The graffiti remained on the wall for less than a week. I first saw it on a Sunday morning. It was gone by the following Saturday. Whether coincidental, serendipitous, or an unintended consequence of me asking questions and being interested, I am certainly not complaining! It’s a powerful image that alludes to some of the key issues impacting contemporary cultural life in Timor-Leste. Sickness. Death. Government efforts. Artists wishing for more. Hopes, expectations, and disappointment. Lots of layers to peel back and unravel here.

Sounds of the soul

Regular readers will know that in 2010-2011 I spent four months as a visiting artist in East Timor, or Timor-Leste, as it is officially known. East Timor is a fascinating, compelling, challenging place to be – each of these in turn! I loved my time there and I learned much about myself as a musician, and about music in other cultures. East Timor’s traditional music is rich and multi-layered but at the time of my visit there were very few publications or recordings that I could access to familiarise myself with it. East Timor’s complex and often violent recent history of colonisation by Portugal (until 1974) and military occupation by Indonesia (1975-1999), has meant that its musical culture was at first undermined and later forbidden, seen as an expression of resistance and nationalism. It was therefore not well-documented in formal, Western ways, but of course knowledge was retained and transmitted aurally and orally.

Therefore, the recent publication of Lian Husi Klamar (Sounds of the Soul: The traditional music of East Timor), a book with accompanying CD/DVD, is extremely significant, as it is the first comprehensive published archive of this rich musical culture. The author, musician and researcher Ros Dunlop (a colleague and friend) spent years visiting Timor, travelling to remote and almost-inaccesible parts of the country to talk with elders, meet musicians and record their performances. One of the beautiful and particularly noteworthy things about this project is collaborative involvement of many Timorese musicians and artists. These people were acutely aware of the importance of creating an archive of their musical heritage. Younger Timorese – including artists from the Arte Moris art school in Dili – helped in all sorts of ways with the project, translating, driving and guiding, advising, filming and organising the recording sessions. The book has been published in both English and Tetun (the national language of East Timor), and will be highly valued in a country where there are few books published in their own language.

I’m proud to say that some of my photographs and interactions with traditional instruments have found their way into Ros’s book – Ros was determined to include as many examples as she could find. There are many national groups and family clans in East Timor who each have their own traditions, and Ros followed up every lead she could.

It was a huge project that spanned many years, and now the book and CD/DVD of the archive, Lian Husi Klamar (Sounds of the Soul: The traditional music of East Timor) is available for purchase (here).
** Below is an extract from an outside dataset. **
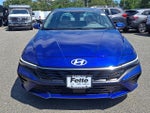 2024 Elantra Thumbnail 2
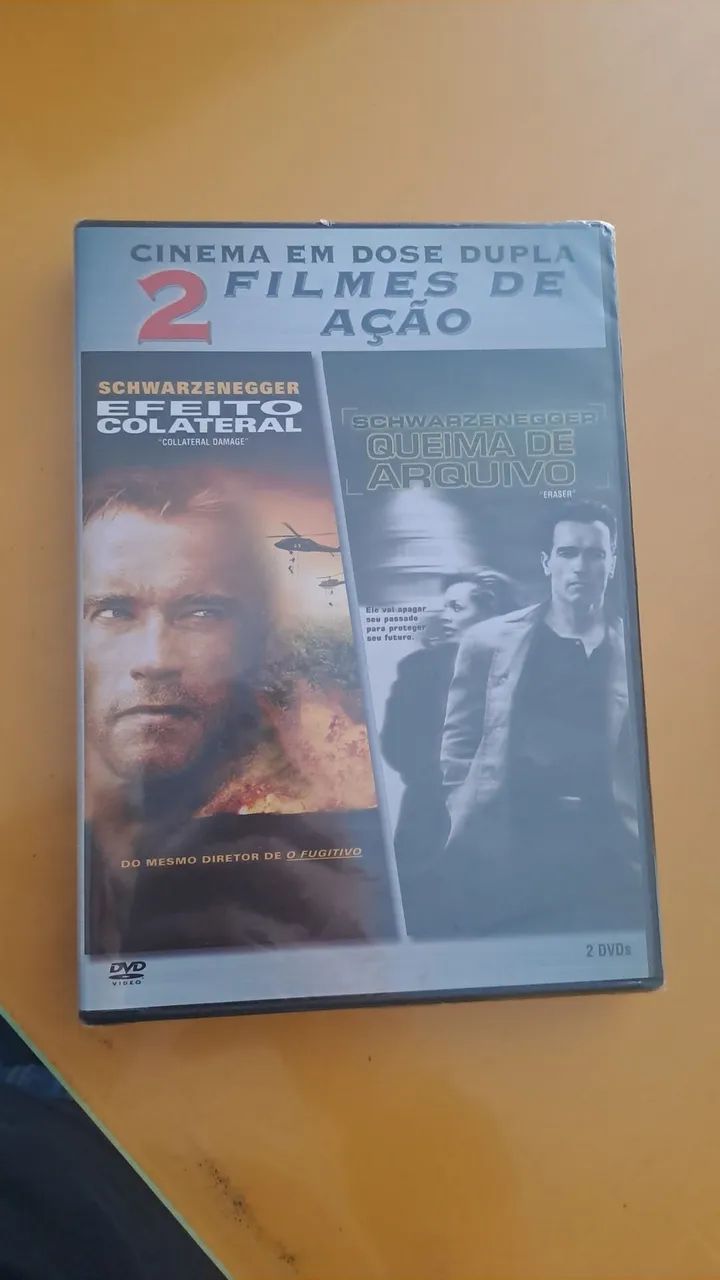FILMES CLÁSSICOS... - Foto 4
There’s a great interview with Ros Dunlop published here if you would like to know more about the project.

Towards the end of the book, Ros describes a children’s song in an ancient form of the Fataluku language (spoken in the town of Lospalos where I was based during my residency) which ends with the children sitting in a circle and pulling each other’s ears. I realised I had footage of some Lospalos children teaching an ear-pulling song to my partner Tony. This may or may not be the same song Tupukur Ulute that is described in the book, but it may well be related in some way. Their performance of the song in this little clip is a bit rowdy, a bit chaotic – definitely authentic!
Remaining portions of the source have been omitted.